Il mal di passato mi porta a monumentalizzare ingombranti inezie, a musealizzare la mia giovinezza, la mia infanzia, così come la giovinezza e l’infanzia di genitori e di avi indietro all’infinito. I cimeli vanno dal netta-pipa del nonno a bauli di fotografie di generazioni passate, dai biglietti del cinema o del tram a appunti di scuola e di università, da banali cartoline a lettere d’amore mai spedite, da nastri di pacchetti natalizi a tappi di champagne di chissà quale compleanno. La polvere li ammanta e li protegge dall’oblio, o almeno così mi illudo.
Il mal di futuro (cioè l’illusione che sia infinito) mi porta a conservare libri che non farò mai in tempo a leggere, tagli di stoffa da cui non riuscirò a cavar fuori un vestito, matassine di fili di ricamo che non vivrò abbastanza per consumare, decine di album da disegno che non ce la farò a riempire. E via di questo passo.
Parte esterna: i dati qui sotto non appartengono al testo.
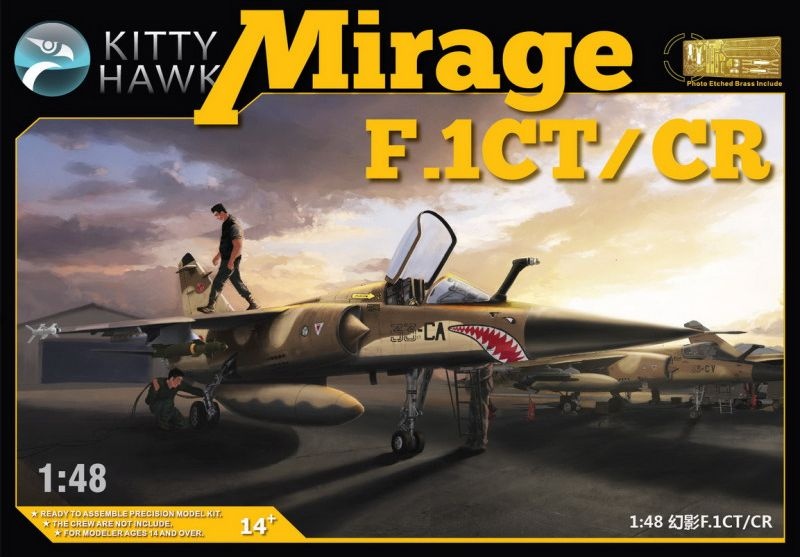 Zdjęcie główne produktu Mirage F.1 CT/CR 1:48 Kittyhawk 80111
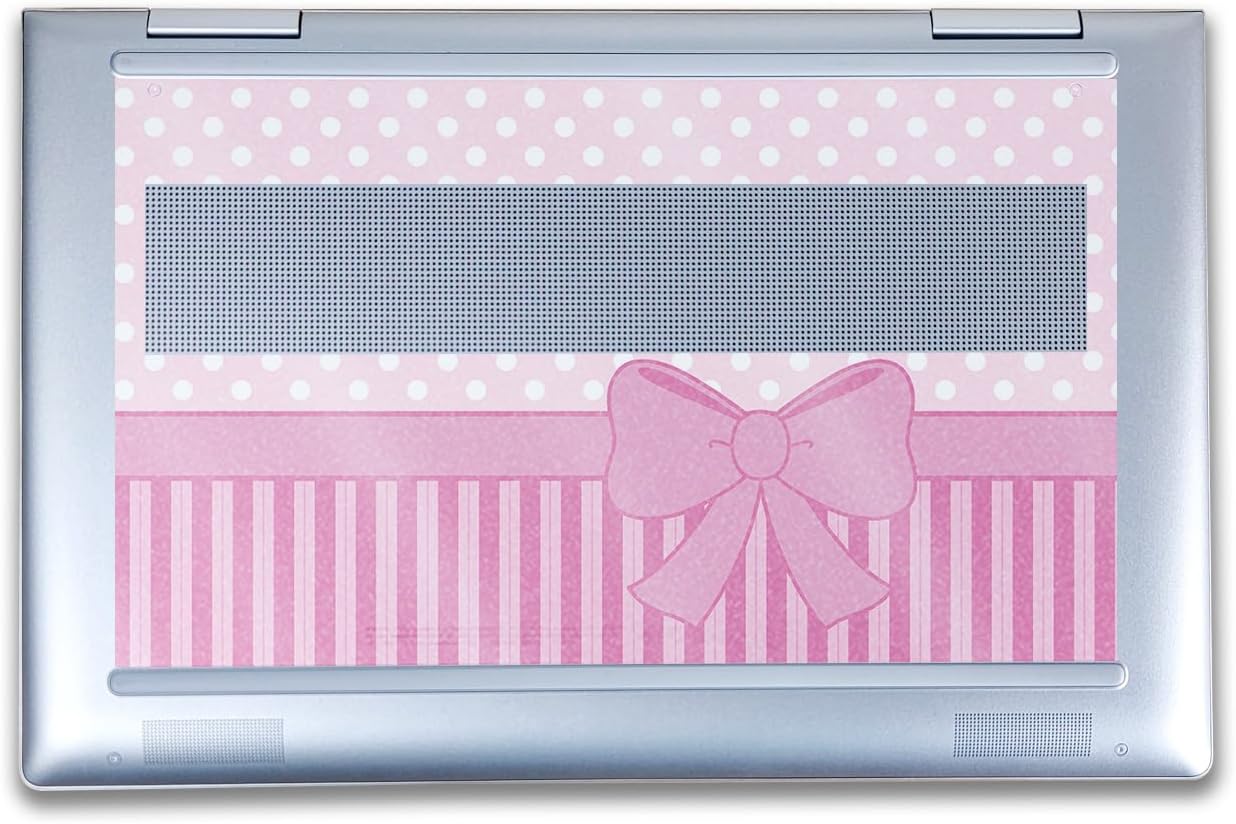 Glossy Glitter Laptop Skin Compatible with HP Envy x360 14” (2023) - Pink Present - Premium 3M Vinyl Protective Wrap Decal Cover - Easy to Apply | Crafted in The USA by MightySkins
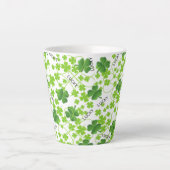 "St. Patrick's Day" Latte-Tasse Milchtasse (Vorderseite)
In qualcosa, nell’accumulo seriale, c’entra la morte e in qualcosa c’entra il tempo. Anche la vecchia pro-zia Elena accumulava di tutto. Alla sua morte, svuotando la sua casa, trovammo un armadio pieno solo di medicine scadute e una vetrina piena di bomboniere mai aperte. In entrambi i casi oggetti inutili. La cui inutilità però forse la consolava, la vecchia pro-zia. Si teme lo scorrere del tempo e si fanno provviste temendo tempi di magra. Tutto può servire, anche un’aspirirna di dieci anni fa E nello stesso tempo, ci illudiamo che le piramidi di oggetti che accumuliamo, nel loro poter essere ancora e sempre teoricamente adoperati, possano farci da colonne d’Ercole contro la morte. Possano in qualche modo allontanarla, rappresentare l’alibi per poterla rinviare.
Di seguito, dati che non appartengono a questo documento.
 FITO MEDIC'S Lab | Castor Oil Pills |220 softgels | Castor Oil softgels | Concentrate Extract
E invece, più si va avanti verso il necessario traguardo, più sarebbe saggio spogliarci. Zia Maria, ormai anziana e malaticcia anche lei aveva cominciato a svuotare i suoi armadi, regalando in giro le sue scarpe mai indossate, le sue borsette eleganti, gioielli, foulard… Saggio contegno. Da una parte la nobiltà di non lasciare a chi resta l’onere di dismettere tanti oggetti; dall’altra, la gioia di poterli regalare in prima persona e soprattutto di alleggerirsi il bagaglio.
Viaggio con bagaglio leggero è una raccolta di racconti della scrittrice finlandese Tove Jansson: il filo conduttore è appunto il viaggio. E il gusto del viaggio, anche di quello definitivo, (come non avevano capito gli egiziano, che riempivano le tombe dei loro faraoni di oggetti di ogni tipo) è inversamente proporzionale al peso di quello che si lascia a casa. Almeno in teoria.
31 ottobre 2024
Antonella Crocetti
Verissimo tutto quello che hai accuratamente spiegato
Massimo Lavena
Quanta verità. Io sono seriale passato ecfuturo e geneyico per eredità da mia mamma. Ed è seriale mia figlia. Ahi lasso!